Nx = Ti(WarpsT * Bx)
Nz = Ti(WarpsT * Bz)

# Wall properties
wall_num_nodes = Nx*10
wall_width = Nz-2*WarpsT #(Nz-2)*0.9
wall_stiffness = 1.0 # IBM spring constant

NΔt = 50000

τ=sqrt(3/16)+0.5      # relaxation time (BGK model) 
ω=1/τ

vx_max=0.001            # maximum velocity
ν=(2*τ-1)/6           # kinematic shear viscosity

∇P = 8*ν*vx_max/wall_width^2  # Pressure gradient

Re_fact = wall_width/ν

#   Initialization
#   ================
f = CUDA.zeros(Tf, Nx, Nz, 9)
f_t = CUDA.zeros(Tf, Nx, Nz, 9)
ρ = CUDA.ones(Tf, Nx, Nz)
v = CUDA.zeros(Tf, Nx, Nz, 2)
F = CUDA.zeros(Tf, Nx, Nz, 2)

boundaries = Vector{CuArray{Float64, 2, CUDA.Mem.DeviceBuffer}}(undef,2)
boundaries_cpu = Vector{Array{Float64, 2}}(undef,2)

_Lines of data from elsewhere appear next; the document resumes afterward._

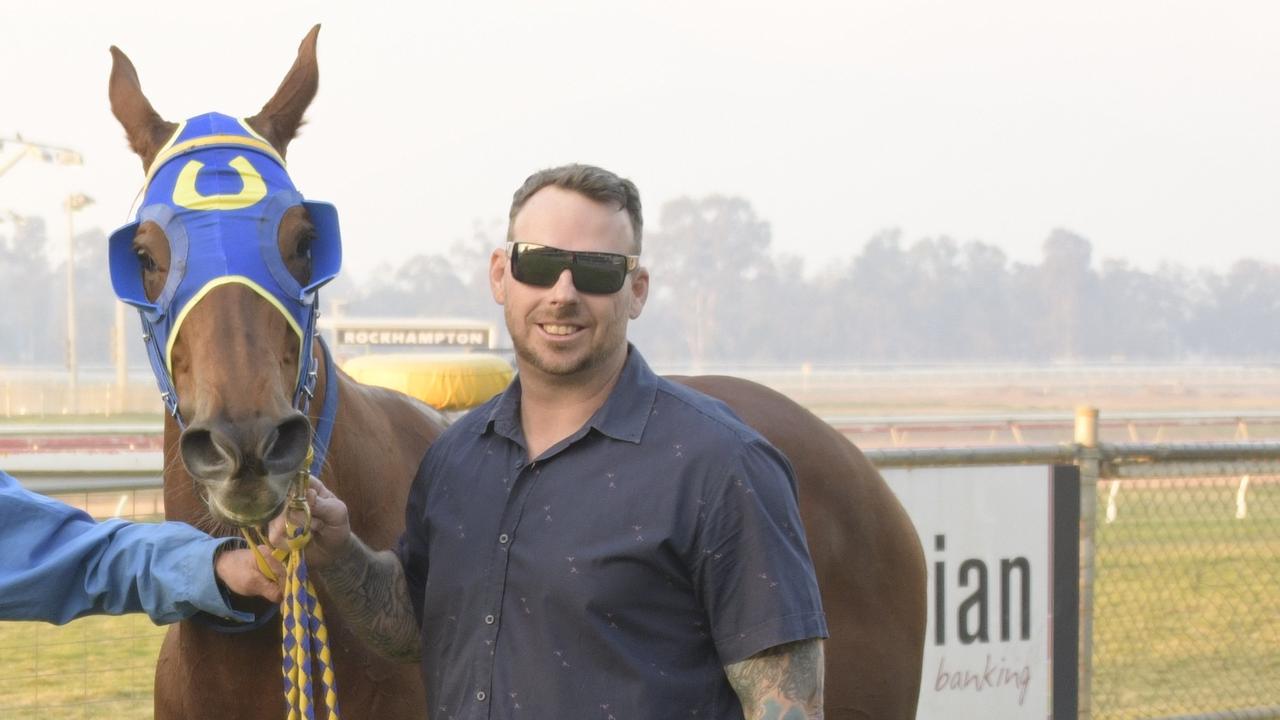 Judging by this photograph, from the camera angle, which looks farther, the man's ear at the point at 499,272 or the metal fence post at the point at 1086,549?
the metal fence post at the point at 1086,549

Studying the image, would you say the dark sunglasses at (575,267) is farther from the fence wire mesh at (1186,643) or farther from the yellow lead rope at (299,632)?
the fence wire mesh at (1186,643)

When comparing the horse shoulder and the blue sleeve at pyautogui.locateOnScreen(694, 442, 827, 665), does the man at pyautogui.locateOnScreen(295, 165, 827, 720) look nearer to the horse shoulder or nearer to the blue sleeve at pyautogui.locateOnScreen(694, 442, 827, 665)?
the blue sleeve at pyautogui.locateOnScreen(694, 442, 827, 665)

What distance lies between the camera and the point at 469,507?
2.13 meters

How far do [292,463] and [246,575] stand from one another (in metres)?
0.43

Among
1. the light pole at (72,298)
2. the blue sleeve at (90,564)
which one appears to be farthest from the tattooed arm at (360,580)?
the light pole at (72,298)

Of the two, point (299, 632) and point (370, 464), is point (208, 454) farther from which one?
point (370, 464)

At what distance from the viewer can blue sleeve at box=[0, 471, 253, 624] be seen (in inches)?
92.9

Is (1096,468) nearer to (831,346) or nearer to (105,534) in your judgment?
(105,534)

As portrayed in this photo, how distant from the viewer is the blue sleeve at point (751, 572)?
6.29 ft

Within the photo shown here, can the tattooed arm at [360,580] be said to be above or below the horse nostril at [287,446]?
below

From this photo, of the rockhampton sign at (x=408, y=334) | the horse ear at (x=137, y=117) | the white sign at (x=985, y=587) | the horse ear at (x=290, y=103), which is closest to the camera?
the horse ear at (x=137, y=117)

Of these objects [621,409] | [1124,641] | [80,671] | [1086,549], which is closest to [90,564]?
[621,409]

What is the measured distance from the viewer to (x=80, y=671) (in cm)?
577

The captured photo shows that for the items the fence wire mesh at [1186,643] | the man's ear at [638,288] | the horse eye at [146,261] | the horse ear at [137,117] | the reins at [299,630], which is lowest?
the fence wire mesh at [1186,643] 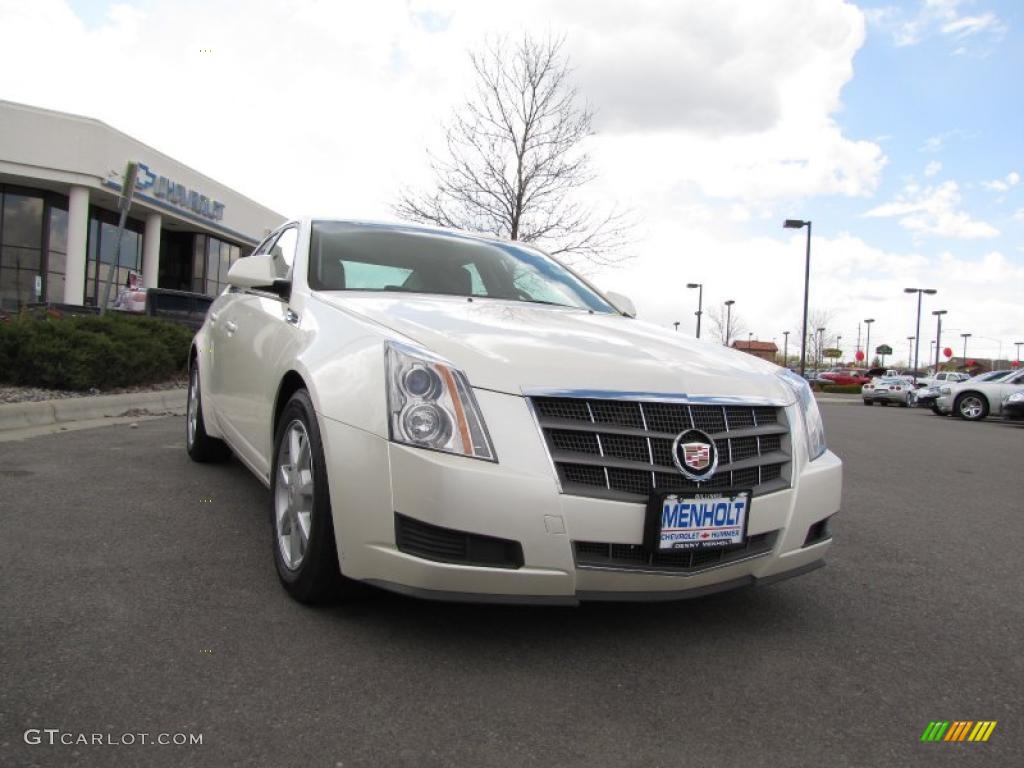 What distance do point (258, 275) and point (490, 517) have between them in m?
1.86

function initialize!(f,w, boundaries)
    initialize!(f,w)
    begx = 0.0; begz = (Nz-wall_width)*0.5
    endx = Nx-0.5; endz = begz
    boundaries[1] = build_wall(wall_num_nodes, begx, begz, endx, endz, wall_stiffness)
    begx = 0.0; begz = (Nz+wall_width)*0.5
    endx = Nx-0.5; endz = begz
    boundaries[2] = build_wall(wall_num_nodes, begx, begz, endx, endz, wall_stiffness)
    return nothing
end

#   Time loop
#   ===========
initialize!(f, w, boundaries)

for t=0:NΔt
    @. F[:,:,1] = ∇P
    @. F[:,:,2] = 0.0
    IBM!(boundaries, v, F, stencil_4)
    LBM_periodic!(f, f_t, ρ, v, F)
end

#   Test Error
#   ===========
for boundary in 1:length(boundaries)
    boundaries_cpu[boundary] = Array(boundaries[boundary])
end

err = 0
for boundary in boundaries_cpu
    err += std(boundary[:,2])
end
println("Error: ",err)

I have to warn you that this code is from a beginner. Surely there are plenty of mistake concerning the optimization and the “right way to write”. I am open to feedback.

Thank you for your help.

EDIT: Now it returns directly the error and saves nothing, on my K620 the error is in the order of 10^{-6}, on the A100 of 10^{-3}.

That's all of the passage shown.